▶ **DIRECTIONS**: Please restate every entry exactly. Leave out the pictures.

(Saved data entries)
*** Begin section ***

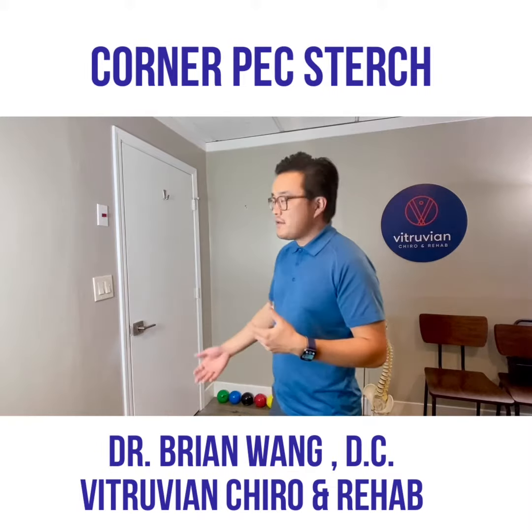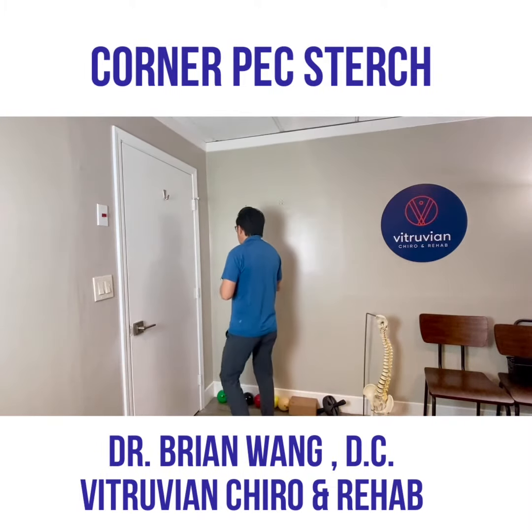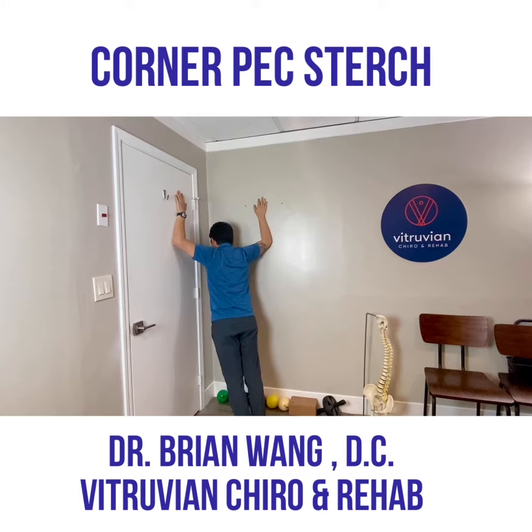For this, all you need is yourself and a corner. Go ahead and stand up, line up with the corner of the room. You're going to place your arms at your side. The first position — my elbows are right about ear height — and we're just going to lean in. Make sure your upper traps are nice and relaxed. Hold for 10 seconds.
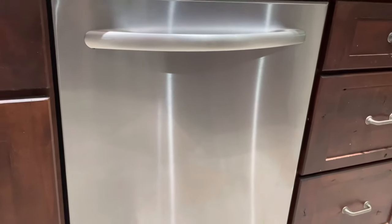Very easy to do. But look, all the rust is gone. It looks like brand new. How about that?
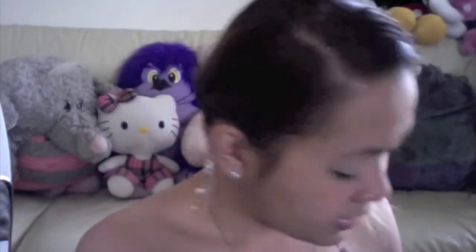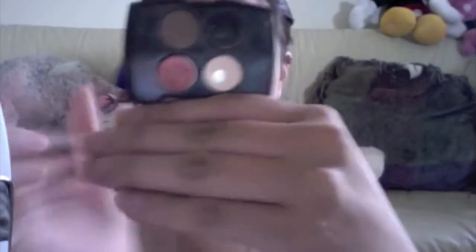I always apply primer. Next, I have my Lancome sample palette — this one has been used up a lot because I've been using it a lot for this look. I take a thick fluffy brush and apply it all over my eyelid, blending up to my crease. I also apply primer on my lower lash line — I almost forgot that.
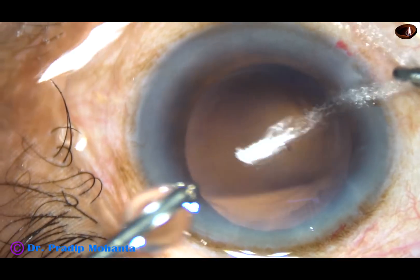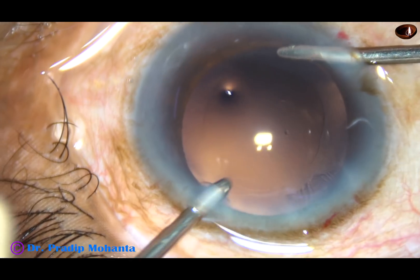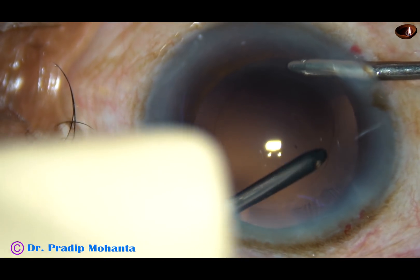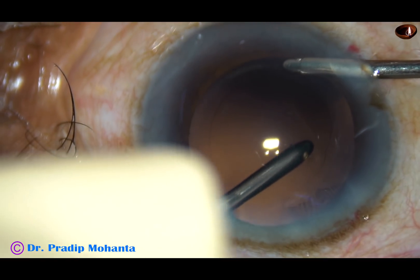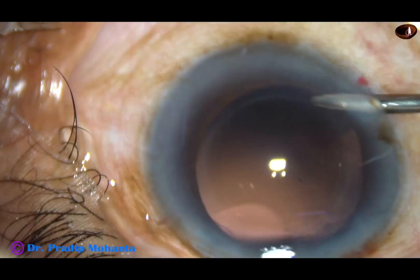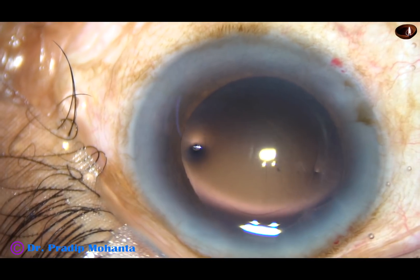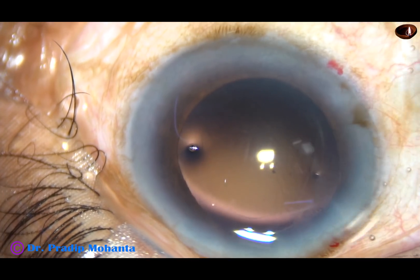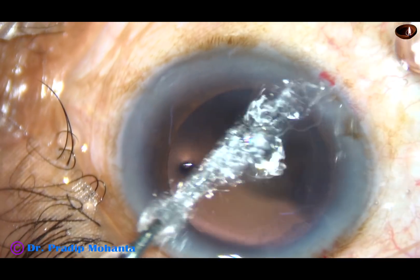Now this is capsular polishing by IA2 mode. Here the vacuum is only 20 mmHg and flow rate is 15 ml per minute.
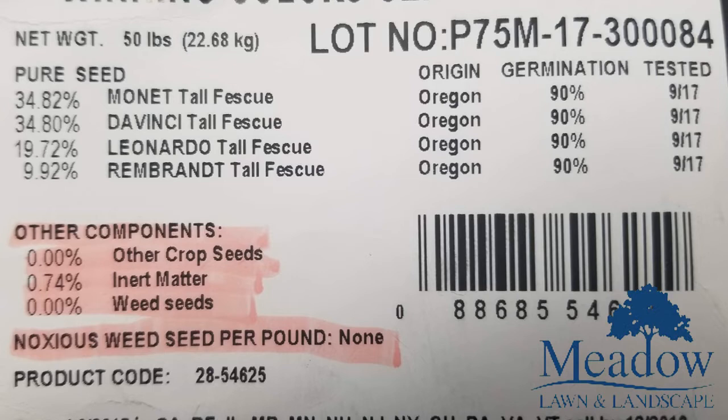The last thing is noxious weed seed per pound, and this bag shows zero — none. What does noxious mean? Each state declares a weed noxious depending on the region, and for this seed there's none in it. Noxious weed can be anything like Poa annua, which is an annual grass, or something that's very hard to control whether that's through chemical or cultural practices.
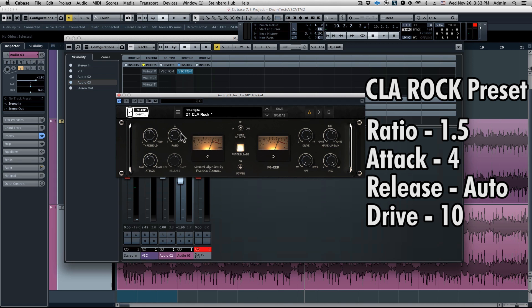Let's just talk about the settings. So 1.5 to 1 ratio, attack 4, the release is on auto release. From the preset, we increased the threshold to get a little bit more compression, and I took the drive setting and increased it all the way. This is going to make the drums pop out of the mix like you will never believe.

*** End section ***

▶ **SOLVED PROBLEM**:
For this, all you need is yourself and a corner. Go ahead and stand up, line up with the corner of the room. You're going to place your arms at your side. The first position — my elbows are right about ear height — and we're just going to lean in. Make sure your upper traps are nice and relaxed. Hold for 10 seconds.
Very easy to do. But look, all the rust is gone. It looks like brand new. How about that?
I always apply primer. Next, I have my Lancome sample palette — this one has been used up a lot because I've been using it a lot for this look. I take a thick fluffy brush and apply it all over my eyelid, blending up to my crease. I also apply primer on my lower lash line — I almost forgot that.
Now this is capsular polishing by IA2 mode. Here the vacuum is only 20 mmHg and flow rate is 15 ml per minute.
The last thing is noxious weed seed per pound, and this bag shows zero — none. What does noxious mean? Each state declares a weed noxious depending on the region, and for this seed there's none in it. Noxious weed can be anything like Poa annua, which is an annual grass, or something that's very hard to control whether that's through chemical or cultural practices.
Let's just talk about the settings. So 1.5 to 1 ratio, attack 4, the release is on auto release. From the preset, we increased the threshold to get a little bit more compression, and I took the drive setting and increased it all the way. This is going to make the drums pop out of the mix like you will never believe.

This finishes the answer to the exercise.